What you need to do: Transcribe all the data, leaving each word as it is.

Supplied information:
======

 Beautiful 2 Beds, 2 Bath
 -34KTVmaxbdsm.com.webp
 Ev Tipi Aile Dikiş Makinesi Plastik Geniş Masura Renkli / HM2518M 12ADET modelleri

======

Exercise solution:
 Beautiful 2 Beds, 2 Bath
 -34KTVmaxbdsm.com.webp
 Ev Tipi Aile Dikiş Makinesi Plastik Geniş Masura Renkli / HM2518M 12ADET modelleri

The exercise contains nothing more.